DATASET CONTENT:
Content starts
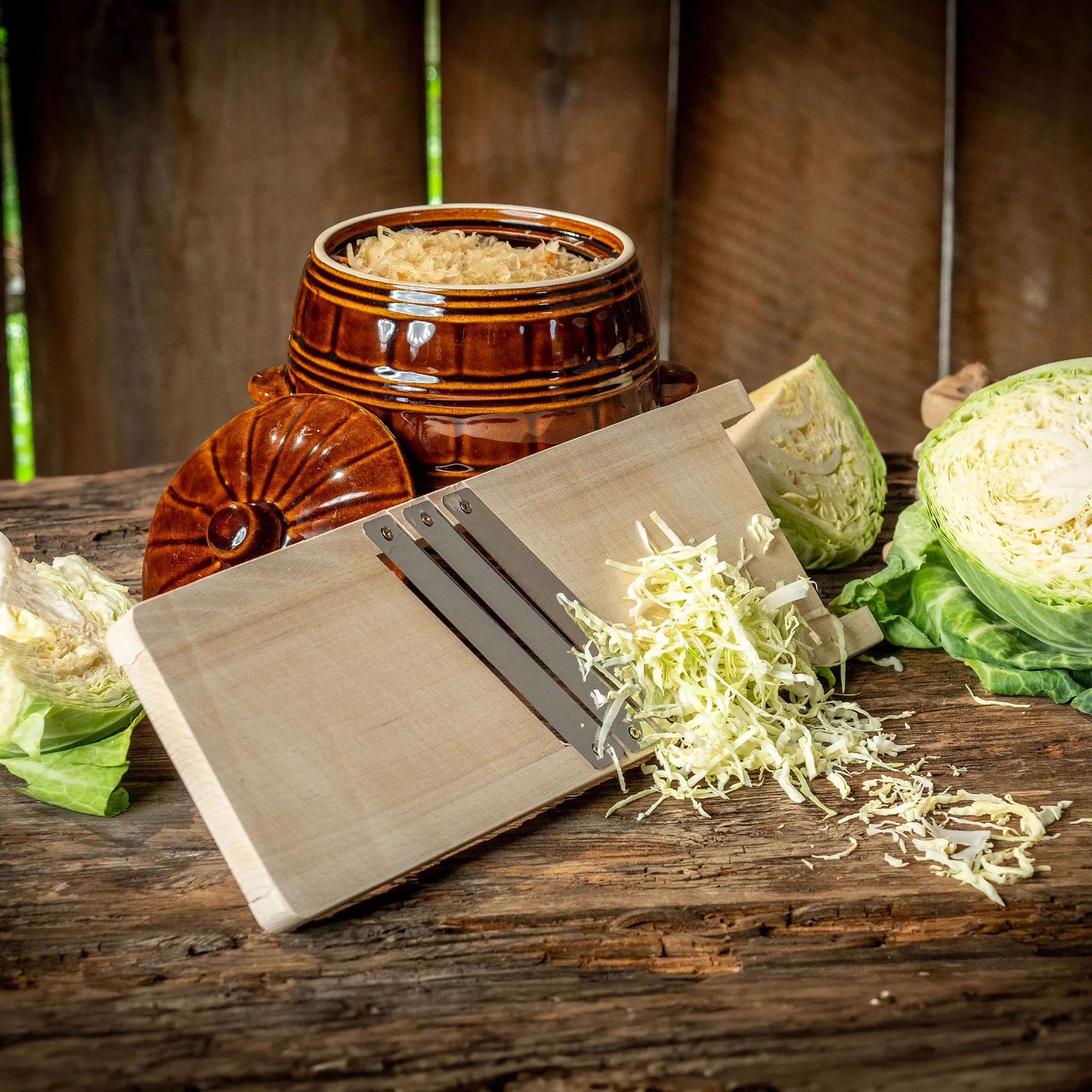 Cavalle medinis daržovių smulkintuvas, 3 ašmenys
Content ends
Content starts
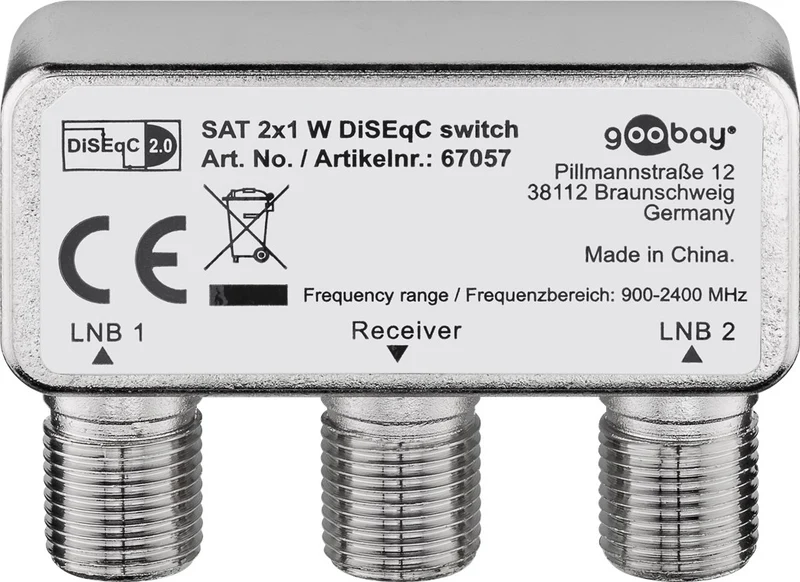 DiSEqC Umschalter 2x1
Content ends
Content starts
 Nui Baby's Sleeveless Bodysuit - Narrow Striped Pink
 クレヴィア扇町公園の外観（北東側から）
Content ends
TASK GOAL: Restate word for word the entries above, starting at the line with "Nui Baby's Sleeveless" and ending at the line with "クレヴィア扇町公園の外観（北東側から）", inclusive, and no others.

EXERCISE RESULT:
 Nui Baby's Sleeveless Bodysuit - Narrow Striped Pink
 クレヴィア扇町公園の外観（北東側から）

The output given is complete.